This is Part 6 of a series on Deep Adaptation, Degrowth and MMT that I am steadily writing. I have previously written in this series that there will need to be a major change in the composition of output and the patterns of consumption if we are to progress towards a sustainable future. It will take more than cutting material production and consumption. We have to make some fundamental shifts in the way we think about materiality. The topic today is about consumption but a specific form – our food and diets. Some readers might know that there has been a long-standing debate across the globe on whether a vegetarian/vegan diet is a more sustainable path to follow than the traditional meat-eating diet. Any notion that the ‘meat’ industry is environmentally damaging is vehemently resisted by the big food corporations. Like anything that challenges the profit-seeking corporations there is a massive smokescreen of misinformation created to prevent any fundamental change. New research, however, makes it clear that we can achieve substantial reductions in carbon emissions by abandoning meat products in our diets and the gains are disproportionately biased towards the richest nations. I have long argued that I find a fundamental contradiction in those who espouse green credentials and advocate dramatic behavioural shifts to deal with climate change while a the same time eating meat products. The recent research supports that argument.
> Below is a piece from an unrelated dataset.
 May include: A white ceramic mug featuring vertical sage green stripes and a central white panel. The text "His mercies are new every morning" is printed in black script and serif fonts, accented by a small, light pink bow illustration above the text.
So Greenies, give up the steaks and the chickens and get on your bikes and head to the greengrocer and start cooking plants.

In 1971, American author Frances Moore Lappé published – Diet for a Small Planet – which detailed really for the first time that our dietary choices impacted on our natural environment and influenced food security across the globe.

She advocated a vegetarian diet and argued that beef cattle production was a ‘protein factory in reverse’.

The food activism in that period was linked to all the other ‘movements’ that were happening a the time – civil rights in the US, anti-imperialist protests including opposition to the Vietnam war, womens’ rights, etc.

I was starting out at University in that period and these debates were all interlinked.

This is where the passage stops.